Proceedings of the 9th International Conference "Distributed Computing and Grid Technologies in Science and
                           Education" (GRID'2021), Dubna, Russia, July 5-9, 2021


          BENCHMARK OF GENERATIVE ADVERSARIAL
           NETWORKS FOR FAST HEP CALORIMETER
                     SIMULATIONS

                F. Rehm1,2,a, S. Vallecorsa1, K. Borras2,3, D. Krücker3
                         1
                             CERN, Esplanade des Particules 1, Geneva, Switzerland
                   2
                       RWTH Aachen University, Templergraben 55, Aachen, Germany
                                 3
                                     DESY, Notkestraße 85, Hamburg, Germany

                                     E-mail: a florian.matthias.rehm@cern.ch
Highly precise simulations of elementary particles interaction and processes are fundamental to
accurately reproduce and interpret the experimental results in High Energy Physics (HEP) detectors
and to correctly reconstruct the particle flows. Today, detector simulations typically rely on Monte
Carlo-based methods which are extremely demanding in terms of computing resources. The need for
simulated data at future experiments - like the ones that will run at the High Luminosity Large Hadron
Collider (HL-LHC) - are expected to increase by orders of magnitude, increasing drastically the
computational challenge. This expectation motivates the research for alternative deep learning-based
simulation strategies.
In this research we speed-up HEP detector simulations for the specific case of calorimeters using
Generative Adversarial Networks (GANs) with a huge factor of over 150 000x compared to the
standard Monte Carlo simulations. This could only be achieved by designing smart convolutional 2D
network architectures for generating 3D images representing the detector volume. Detailed physics
evaluation shows an accuracy similar to the Monte Carlo simulation.
Furthermore, we quantize the data format for the neural network architecture (float32) with the Intel
Low Precision Optimization tool (LPOT) to a reduced precision (int8) data format. This results in an
additional 1.8x speed-up on modern Intel hardware while maintaining the physics accuracy. These
excellent results consolidate the beneficial use of GANs for future fast detector simulations.
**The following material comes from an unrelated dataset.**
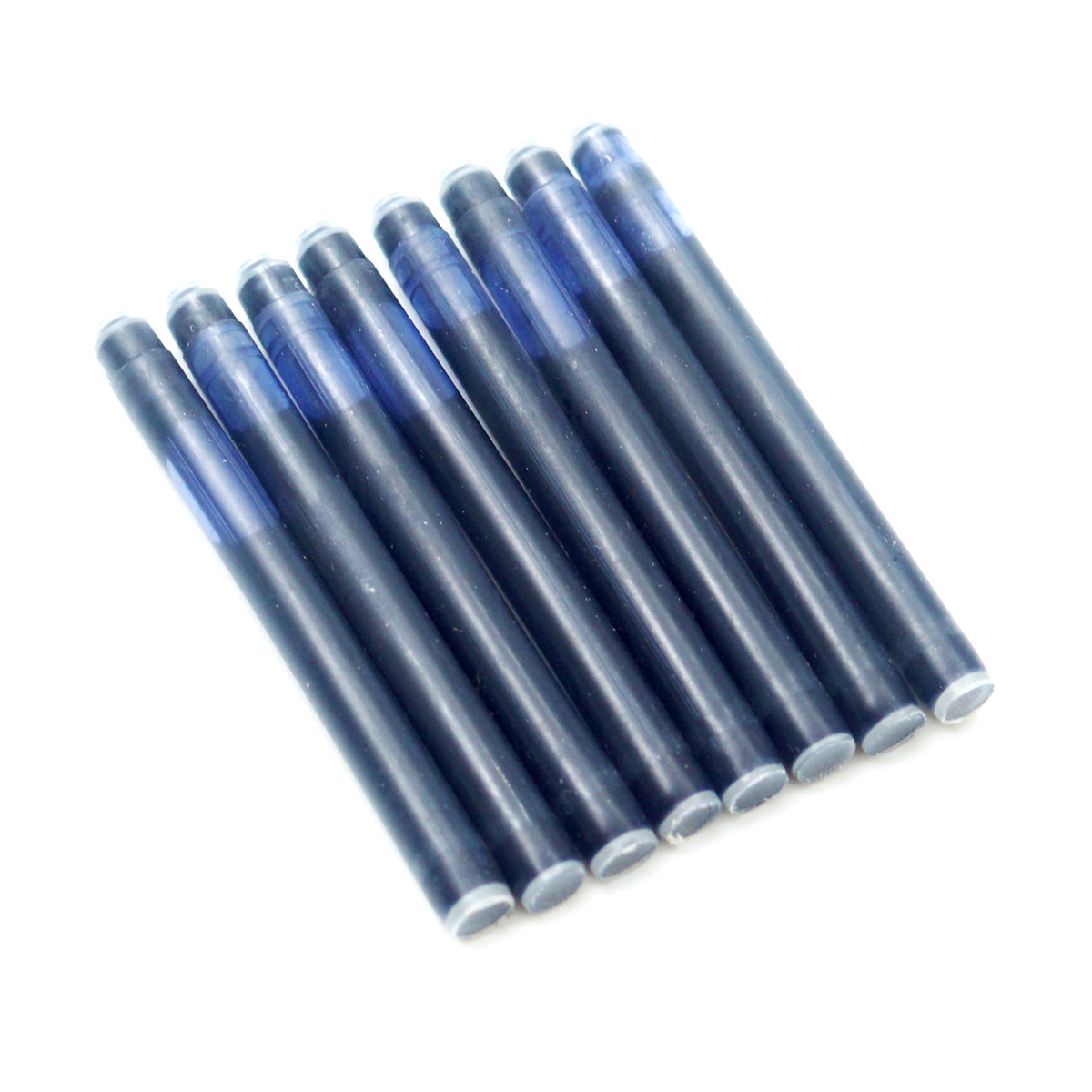 Waterman Intense Mysterious Blue Color Large Size Standard 8 Piece Cartridge Set SKU 70628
Keywords: Generative Adversarial Networks, Calorimeter Simulation, Fast Simulation,
Reduced Precision Computing


                                              Florian Rehm, Sofia Vallecorsa, Kerstin Borras, Dirk Krücker


                                                                Copyright © 2021 for this paper by its authors.
                       Use permitted under Creative Commons License Attribution 4.0 International (CC BY 4.0).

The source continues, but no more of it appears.